Impression confirmée sur ce premier album qui comblera à n’en point douter les fans orphelins de Camera Obscura. Cinq ans après Desire Lines, ultime album la formation écossaise,  le désir est ravivé avec une collection de ballades sentimentales au doux parfum mélo sixties (“It Can’t Be Love Unless It Hurts”) mâtinée de soul (“Jacqueline”, superbe croonerie chantée par Coughlan) et saupoudrée de guitares hiératiques façon Velvet Underground (ce superbe « Deep in the Night »). La supervision du disque a été confié à deuxs experts en orfèvreries, Edwyn Collins (enregistré dans son studios dans les Highlands), coproduit avec l’ingénieur-son et multi-instrumentiste Sean Read (Dexys Midnight Runners). Alors, en ces temps sombres, n’hésitons pas à nous accorder un peu de douceur avec cette pop élégante et ultra-sensible.

 


 

Pinkushion : C’est un véritable plaisir que d’entendre à nouveau votre voix Tracyanne. Depuis la tragique disparition de votre amie Carey Lander en 2015, votre amie et claviériste de Camera Obscura, qui a signé la fin du groupe, avez-vous envisagé d’arrêter de faire de la musique de façons professionnelle ?

Tracyanne Campbell : A vrai dire, je pense souvent à faire autre chose (rires). Mais je ne sais simplement pas ce que je pourrais faire d’autre. Evidemment, la musique a été ma priorité durant très longtemps. Au fond de moi, je pense que les raisons de cette renaissance sont dans ma nature optimiste, et bien sûr ma passion pour la musique. Je n’ai jamais vraiment pensé arrêter, seulement faire une pause.

 

Qu’avez-vous fait durant cette période de retrait ?

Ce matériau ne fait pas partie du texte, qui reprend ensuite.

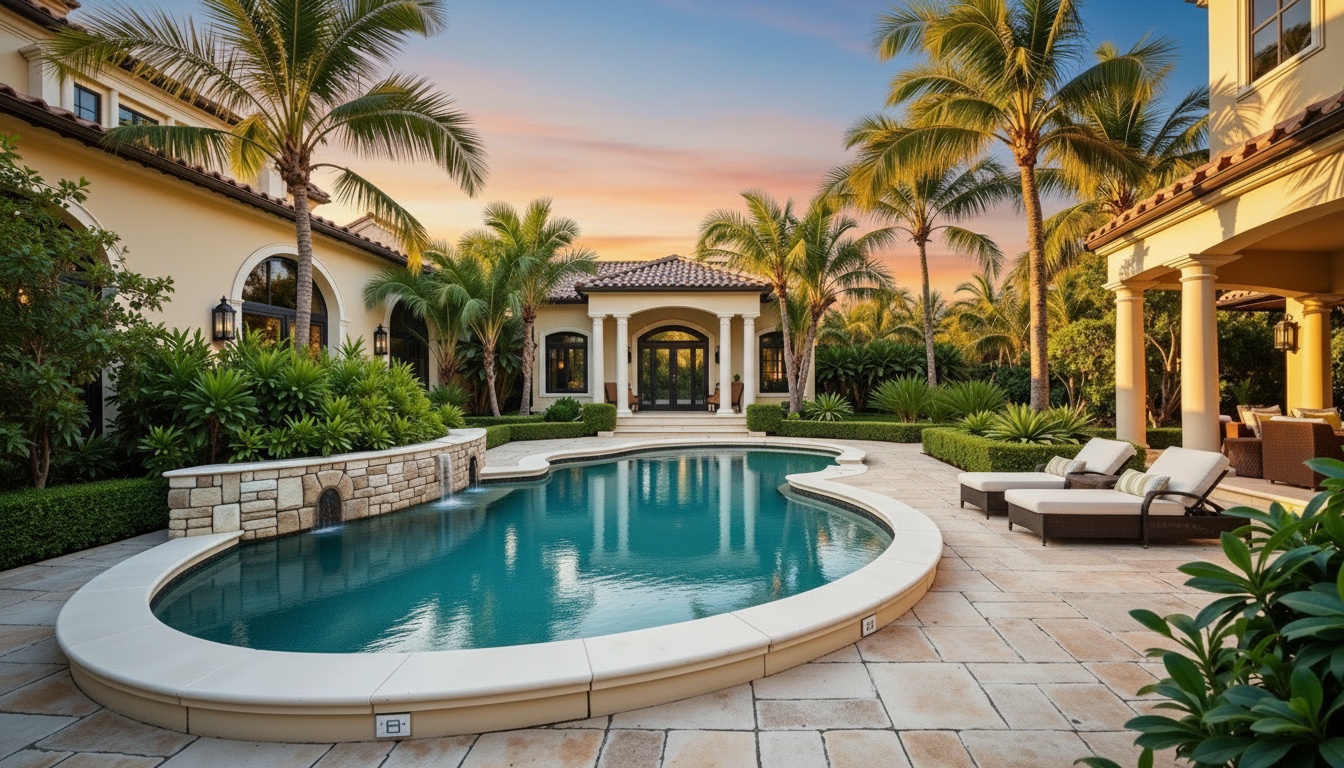 Why choose SunWest for Longboat Key landscaping
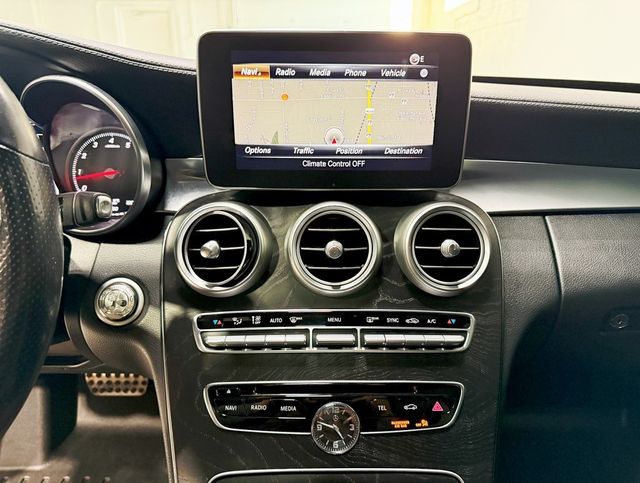 2015 Mercedes-Benz C-Class 4dr Sedan C 400 4MATIC - 22927784 - 16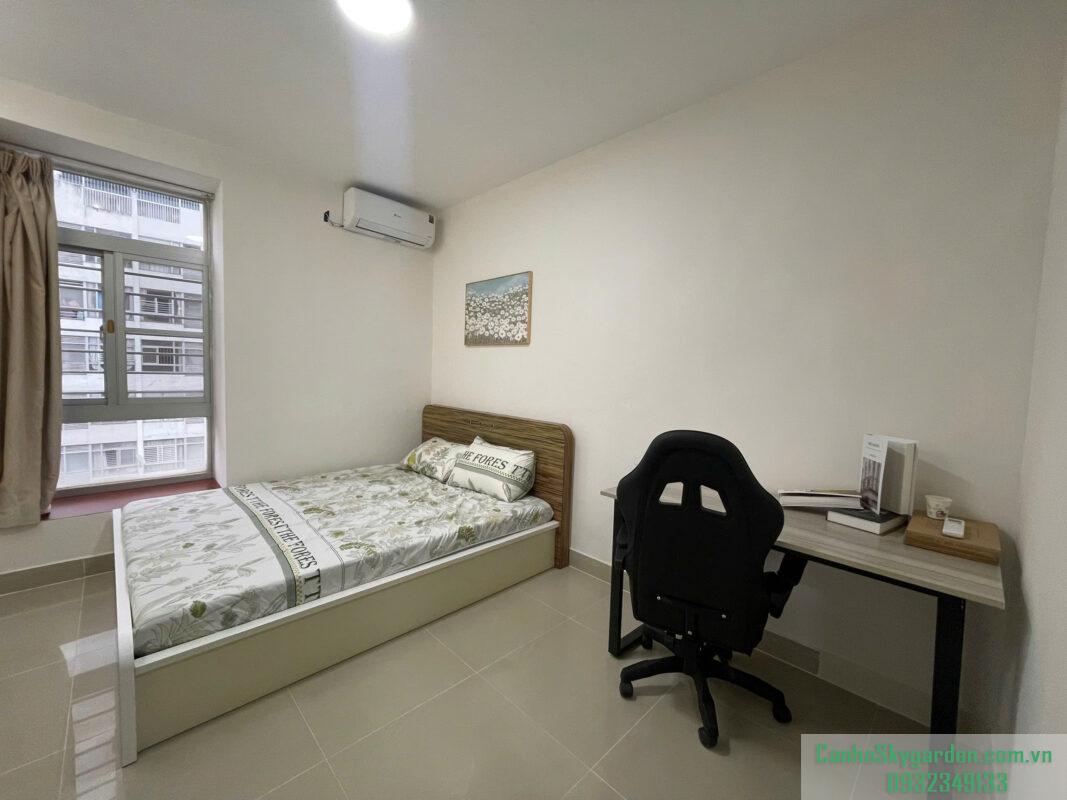 Cho thuê căn hộ Sky Garden Thiết kế: 2 phòng ngủ, 2 wc Nhà full nội thất đẹp Lầu thấp Xem nhà 24/7 Nhà trống ở liền Cho Thuê (48)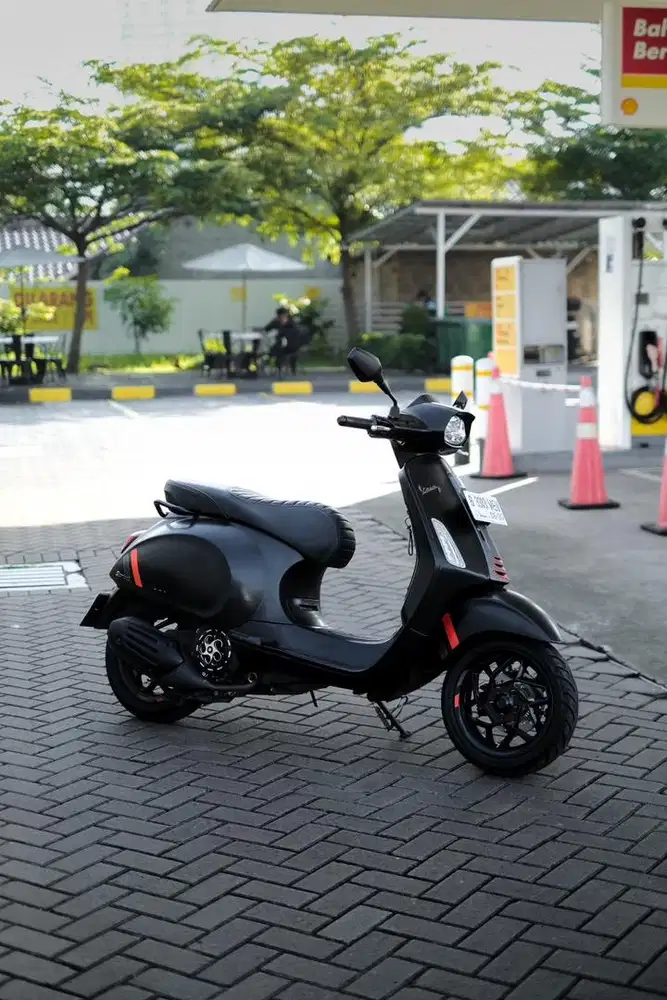 VESPA SPRINT S 150 IGET ABS FACELIFT 2024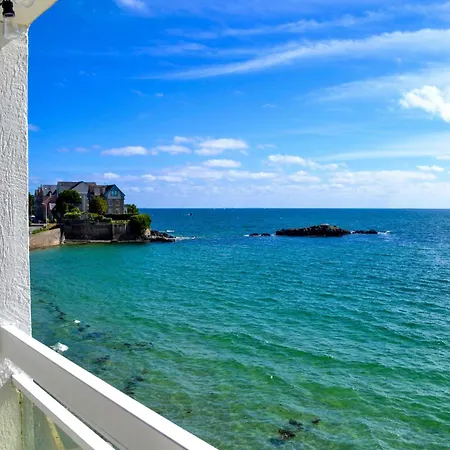 -le Phare- Front De A Avec Balcon Apartment Concarneau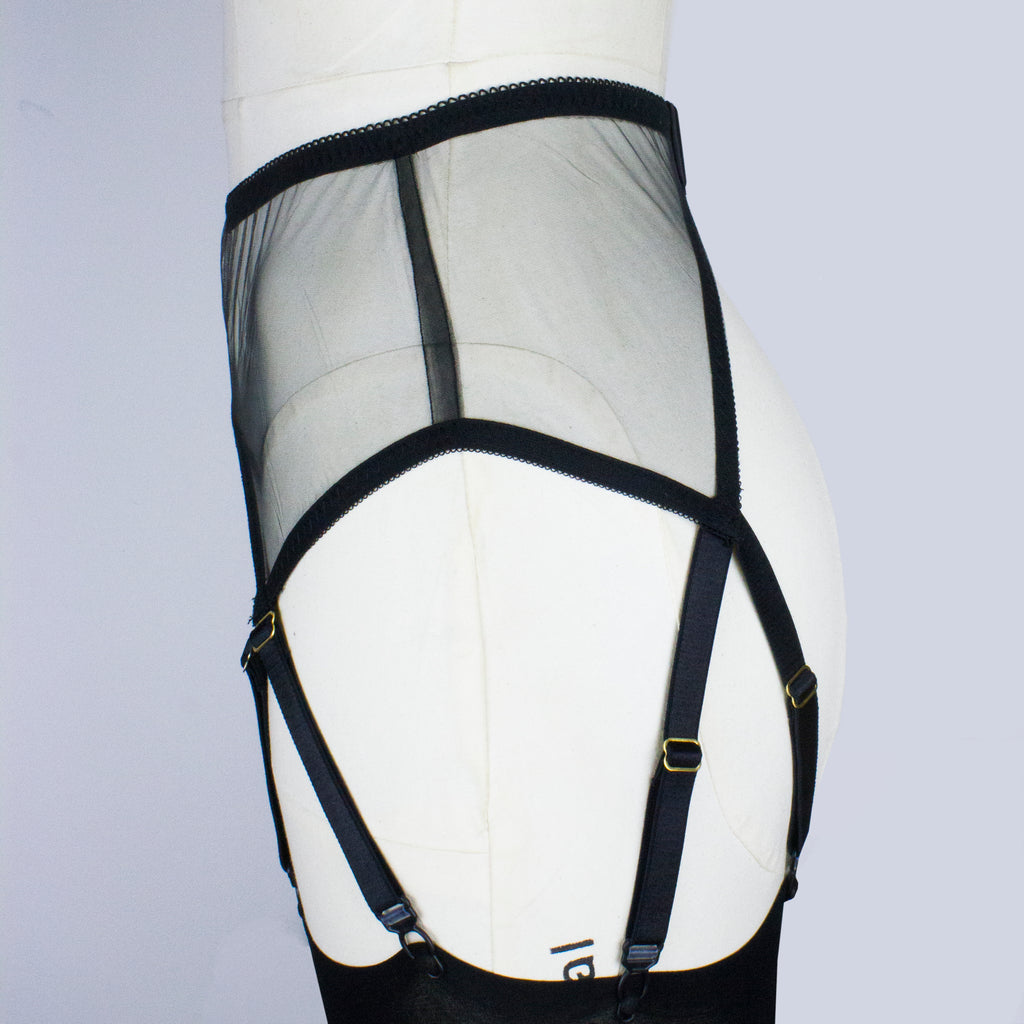 Occult Suspender Belt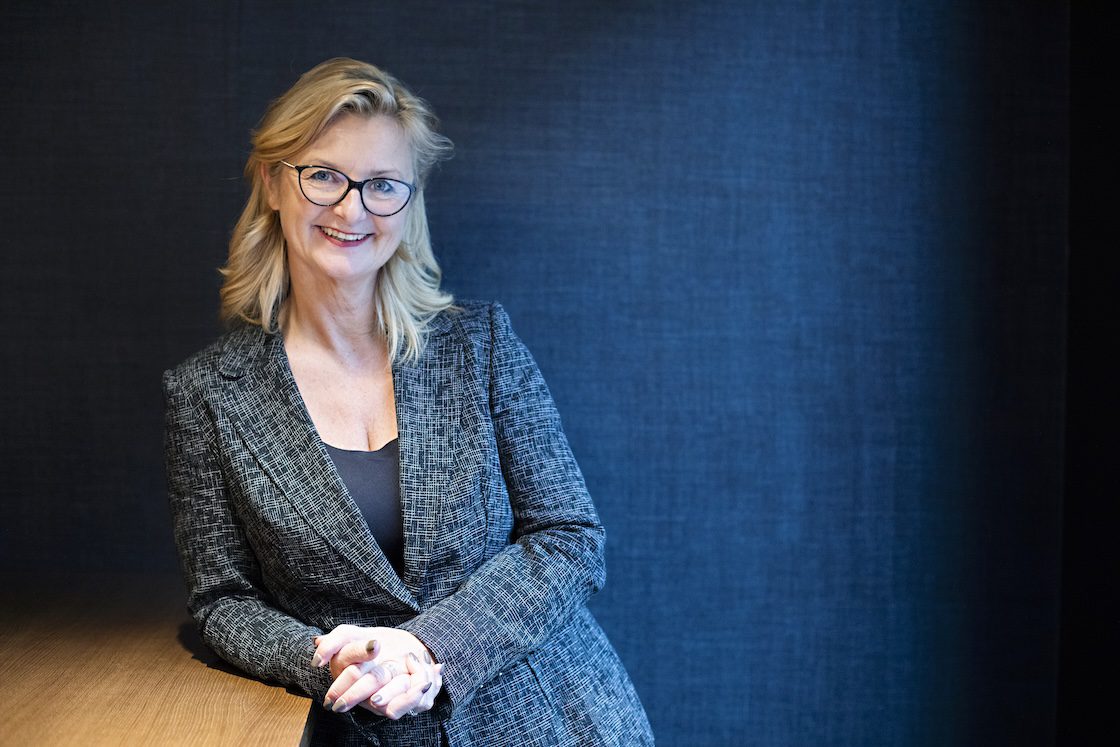 Ann Christin Andersen, CEO i NORWEP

Tracyanne Campbell : Je me suis d’abord occupée de mon fils. J’ai essayé de gérer avec ma douleur. Et bien sûr, Danny a attendu que je sois prête. Nous avons beaucoup réfléchi à cette opportunité de pouvoir créer une musique positive.

 

Quand cette collaboration avec Danny Coughlan a-t-elle commencé ?

Tracyanne Campbell : Danny et moi nous sommes rencontrés il y a six ans, en 2012. Il a tourné par la suite avec Camera Obscura sous son projet Crybaby, c’est ainsi que nous avons d’abord appris à nous connaître. J’étais alors très occupé par Camera Obscura, mais nous avions déjà à l’époque en tête d’enregistrer des chansons ensemble. Cela a été un processus très lent et long avant de pouvoir pleinement concentrer notre énergie ensemble.

Danny Coughlan : Au moment où nous nous sommes rencontrés il y a six ans, nous ne nous connaissions évidemment pas. Il a fallu du temps pour écrire ensemble, apprendre à se connaître, créer une complicité musicale.

Danny, vous vivez à Bristol, tandis que Tracyanne est basé à Glasgow, comment avez-vous géré la distance ?

Tracyanne Campbell : Dans un premier temps, nous nous sommes échangés des idées de chansons écrites individuellement. Parfois Danny m’envoyait une partie d’une chanson, j’y rajoutais de mon côté un refrain, ou un couplet.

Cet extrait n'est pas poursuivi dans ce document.